In 1958, Alec became the Director of the Department of Educational Studies at Oxford University. While there, he published a report criticizing the over-specialization of pre-university education. Alec was particularly opposed to the split between humanities and sciences.
Although Alec’s report was based on research by the Calouste Gulbenkian Foundation, a Portuguese charity, Henry thinks his father’s own experiences may also have been responsible for his strong views. “He felt his own education as a classicist had left him well-equipped to think about things like moral philosophy,” says Henry. “But it also left him under-prepared to combine this with the benefits of scientific method and analysis.”

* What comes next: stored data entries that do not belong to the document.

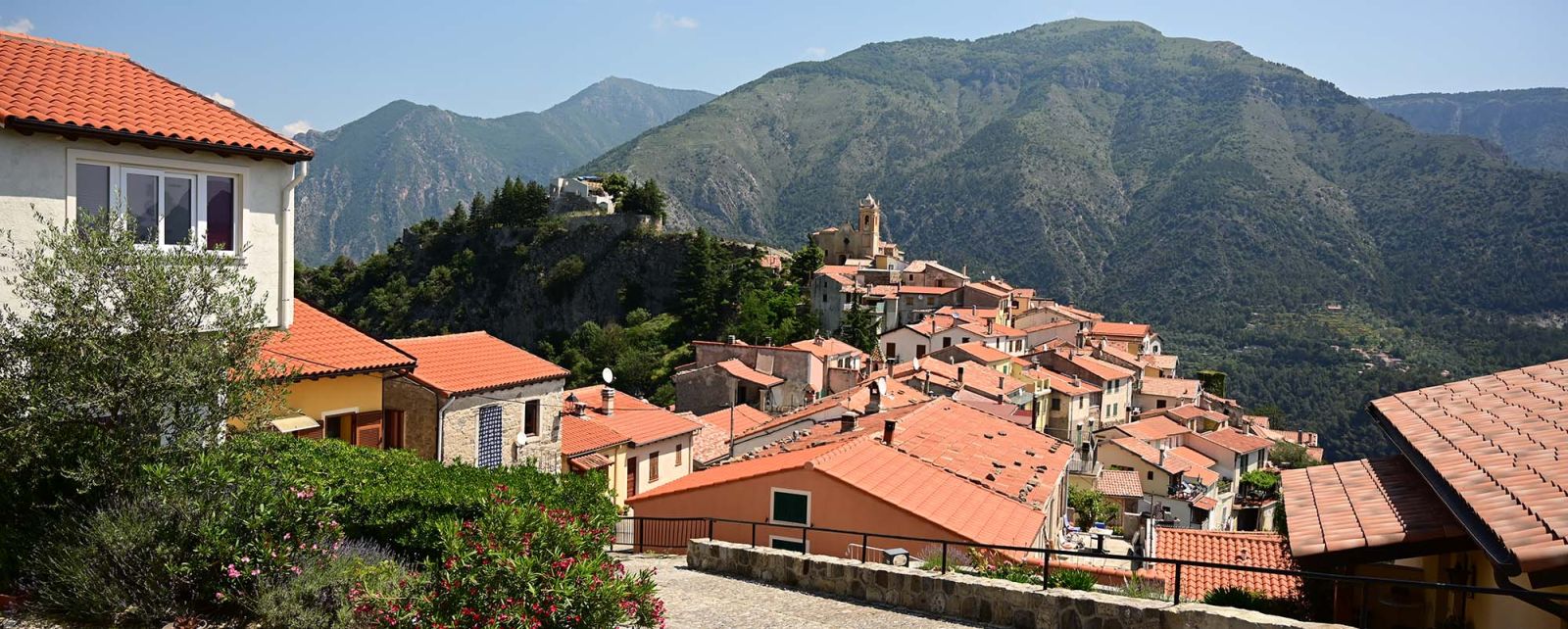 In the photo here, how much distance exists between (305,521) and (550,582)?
2.09 metres

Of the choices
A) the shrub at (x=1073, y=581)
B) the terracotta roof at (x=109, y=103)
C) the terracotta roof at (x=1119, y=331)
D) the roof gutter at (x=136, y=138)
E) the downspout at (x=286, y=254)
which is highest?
the terracotta roof at (x=109, y=103)

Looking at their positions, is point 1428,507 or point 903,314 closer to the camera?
point 1428,507

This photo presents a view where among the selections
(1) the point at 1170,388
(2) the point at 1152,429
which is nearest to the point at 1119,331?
(1) the point at 1170,388

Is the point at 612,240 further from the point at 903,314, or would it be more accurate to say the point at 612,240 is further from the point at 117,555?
the point at 117,555

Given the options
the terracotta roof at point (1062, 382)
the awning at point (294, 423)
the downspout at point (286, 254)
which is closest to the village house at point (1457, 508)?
the downspout at point (286, 254)

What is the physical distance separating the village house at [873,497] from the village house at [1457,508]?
6.09 meters

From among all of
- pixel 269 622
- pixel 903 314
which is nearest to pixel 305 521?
pixel 269 622

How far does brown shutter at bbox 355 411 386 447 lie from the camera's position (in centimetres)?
1410

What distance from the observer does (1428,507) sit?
8.09m

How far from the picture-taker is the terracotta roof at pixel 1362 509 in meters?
7.54

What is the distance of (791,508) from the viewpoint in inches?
642

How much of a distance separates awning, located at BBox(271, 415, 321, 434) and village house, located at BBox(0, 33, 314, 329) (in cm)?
225

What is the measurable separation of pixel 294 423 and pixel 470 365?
258 inches

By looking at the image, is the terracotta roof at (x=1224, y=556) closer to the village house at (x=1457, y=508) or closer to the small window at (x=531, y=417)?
the village house at (x=1457, y=508) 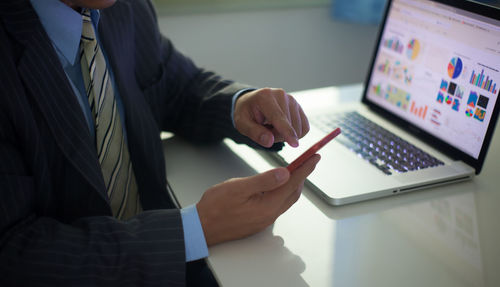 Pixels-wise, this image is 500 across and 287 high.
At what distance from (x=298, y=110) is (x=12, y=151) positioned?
0.51 m

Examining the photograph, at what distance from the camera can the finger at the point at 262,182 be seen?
A: 2.32 ft

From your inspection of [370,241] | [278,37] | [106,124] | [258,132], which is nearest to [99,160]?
[106,124]

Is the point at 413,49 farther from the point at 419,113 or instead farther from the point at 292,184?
the point at 292,184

Alec’s eagerness to avoid specialization had an impact on his children’s education too. Henry remembers being disappointed that he couldn’t study both history and zoology; his secondary school prevented students from mixing humanities and sciences by timetabling these lessons to clash. Alec would not stand for this and insisted that Henry should be allowed to study both. “The whole school timetable had to be restructured as a result,” recalls Henry. “The teacher in charge of the schedule was not happy! But I enjoyed working with those studying sciences as well as those taking humanities subjects. I like to think I was doing a primitive version of the IB.”
Alec would probably appreciate his son’s reflection. Although he was working full-time at Oxford University, Alec’s commitment to international education never dwindled. He frequently travelled during the 1950s and 1960s to meet other like-minded individuals. It was on one such trip to Geneva, Switzerland, that the IB came to life.
Outside the Café de Remor, Alec, along with Desmond Cole, Director of the United Nations International School in New York, USA, and Harlan Hanson, Director of the US-based College Board’s Advanced Placement Program, discussed their vision. They agreed that someone was needed to lead their cause full time, and because Alec had a six-month sabbatical from Oxford coming up, he was chosen for the position.
That role would later become Director General of the IB, one that Alec continued to fulfil part time once he returned to Oxford. “I think my dad enjoyed all of his time with the IB, although it was tough for him,” says Henry. “He was 60 by then and the work involved a lot of travelling and fundraising, which can be disheartening when people are saying no or only donating tiny amounts.”
Alec retired as Director General in 1977. In later life, he passed his time by enjoying the company of his family. “Probably my fondest memories of my dad are of his last decade, when we spent holidays with him and my mother,” says Henry. “His first two grandchildren were on the scene by then – something which pleased him very much.”
Alec passed away in 1988 but his legacy is clear in the Peterson family’s career choices. Henry’s brother and sister both teach and Henry’s daughter Amelia works in international education. Henry himself opted to work in the public sector; recently he has been helping to improve links between local government and the UK’s National Health Service.
“Nobody in my family has ever shown any entrepreneurial streak or gone into business,” Henry says. “So none of us have ever made a lot of money, but we don’t mind. My parents taught us that your working life has to provide a sense that you have done something of use to the wider world. Otherwise work brings no real satisfaction.”
Alec’s legacy is also still strongly felt in the IB community. Peterson House is the home of the IB Assessment Centre in Cardiff, UK, and the biennial Peterson Symposium is held in his honour. Henry thinks Alec might be surprised by this but adds: “He would be very pleased to be seen as a father figure to the IB family.”
Henry himself has glowing praise for today’s IB programmes. “A lot more research and thought seems to go into the preparation of the IB programmes than even some national education systems,” he comments. “Schools and parents across the world need to be made more aware of this.”
But Henry thinks the person who would be the proudest supporter of today’s IB programmes would be Alec himself. “He would be happy that the original ideals have been maintained so strongly.
“Most of all, I think he would be astonished to find that a conversation he had outside a café in Geneva almost 50 years ago has led to the IB as it is today.”